Lectures conseillées pour se plonger au milieu des canaux et des îlots.

  • Les pierres de Venise, John Ruskin (1851-53). Ce texte traite, en détail et avec passion, de l’architecture, de l’histoire et de l’art de la ville de Venise. Il les replace dans leur contexte culturel, y ajoute des évaluations esthétiques et des réflexions philosophiques, et présente Venise comme une œuvre d’art vivante. Cette diversité d’approches fait du volume de Ruskin une œuvre littéraire.
  • Les Papiers d’Aspern, Henry James (1888). Dans la Venise décadente du XIXe siècle, ce récit brosse un portrait fascinant d’intrigues littéraires et d’obsession. Le protagoniste, un critique littéraire américain anonyme, tente d’acquérir une collection de lettres laissées par le poète Jeffrey Aspern, qu’il vénère comme l’un des plus grands de tous les temps.
  • La Mort à Venise, Thomas Mann (1912). La beauté, le désir, la mort et l’art traversent le récit de la fin tragique de Gustav von Aschenbach, un écrivain qui se rend à Venise pour y trouver l’inspiration et qui finit par être submergé par son obsession pour le jeune Tadzio.
  • Gente di mare, Giovanni Comisso (1929).
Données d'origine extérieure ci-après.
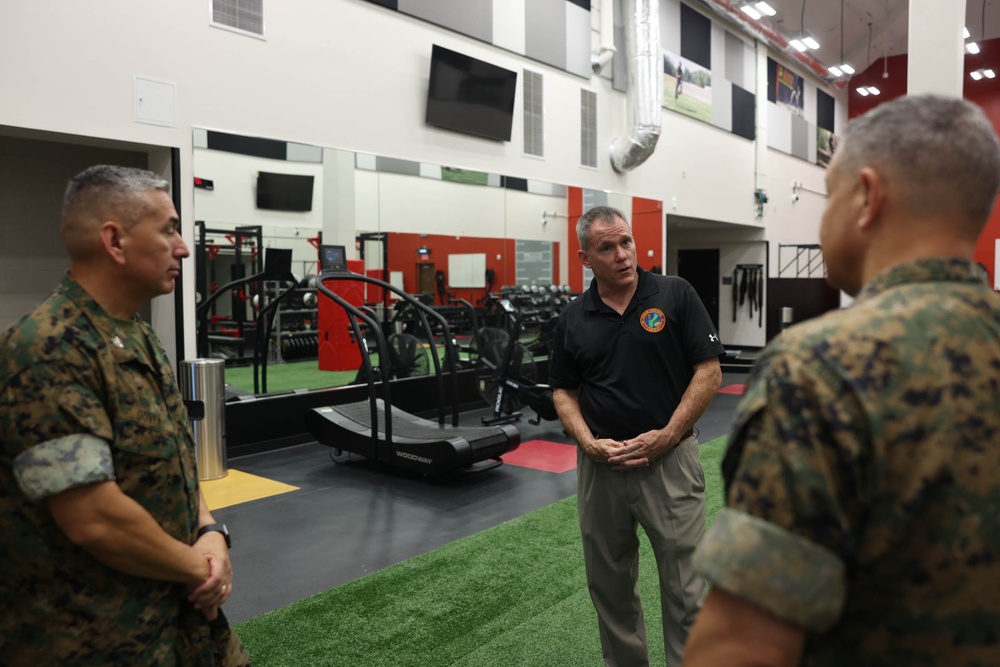 3rd MLG CG visits Marine Corps Base Camp Blaz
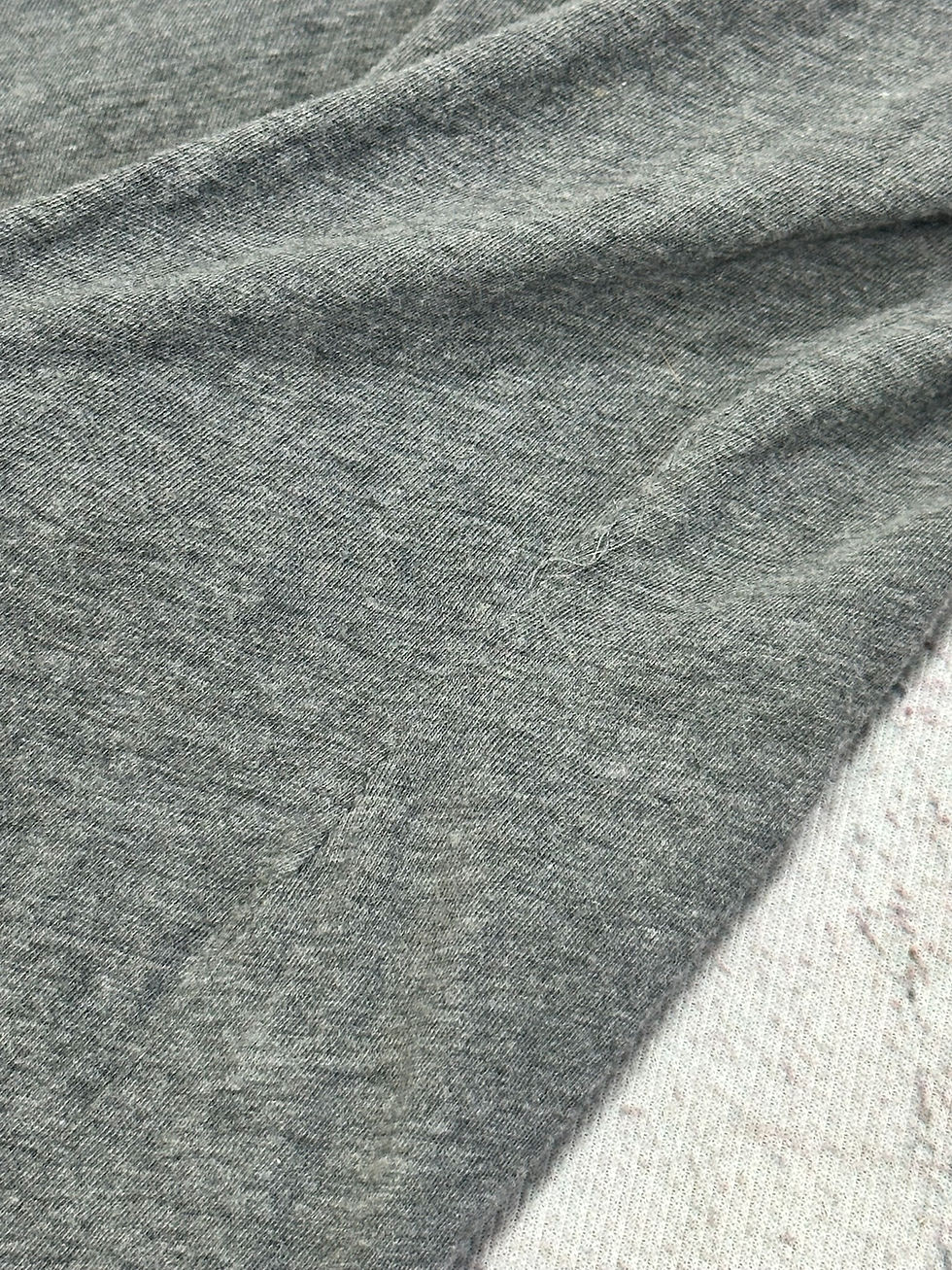 Thumbnail: Gucci T-Shirt Vintage Made in Italy Logo Print Classic Gray size S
Récits impressionnistes des expériences de l’auteur à bord de bateaux de pêche et de ses visites de Chioggia, de Venise et de la lagune. Outre leurs qualités évocatrices, ils constituent un précieux répertoire de mémoires lagunaires.
  • Les villes invisibles, Italo Calvino (1974). Calvino explore les villes fantastiques décrites par Marco Polo à Kublai Khan, qui deviennent des métaphores des états mentaux et des émotions, de l’existence et de l’expérience du monde.

Littérature jeunesse :

  • Le Prince des voleurs, Cornelia Funke (2000). Les deux orphelins Prosper et Bo changent de vie lorsque, fuyant leur oncle et leur tante perfides, ils arrivent à Venise et rejoignent une bande d’enfants guidée par le « roi des voleurs », qui vit dans un cinéma abandonné.
  • Sull’Arca con Noè, Zaira Zuffetti, Paola Bona (2004). Les mosaïques de Saint-Marc racontent le déluge universel et l’épopée d’un capitaine de navire légendaire, Noé.
  • Il gatto che viaggiava in vaporetto, Stefano Medas (2020). Pallino est un chat qui aime voyager en vaporetto et explorer les canaux et les ruelles bondées de Venise. Au cours de ses aventures, il se lie d’amitié avec d’autres animaux et rencontre des personnages excentriques, qui l’aident à découvrir le véritable sens de la famille et de l’amitié.
  • Zhero. Il segreto dell’acqua, Marco Alverà (2020). La disparition mystérieuse du génie de la physique Bepi Galvano, dans une Venise labyrinthique, catapulte trois jeunes garçons dans une course contre la montre où le futur de l’humanité semble dépendre d’eux. Ils doivent en effet protéger la dernière invention du professeur : une machine extraordinaire capable de produire de l’énergie verte à partir de l’eau.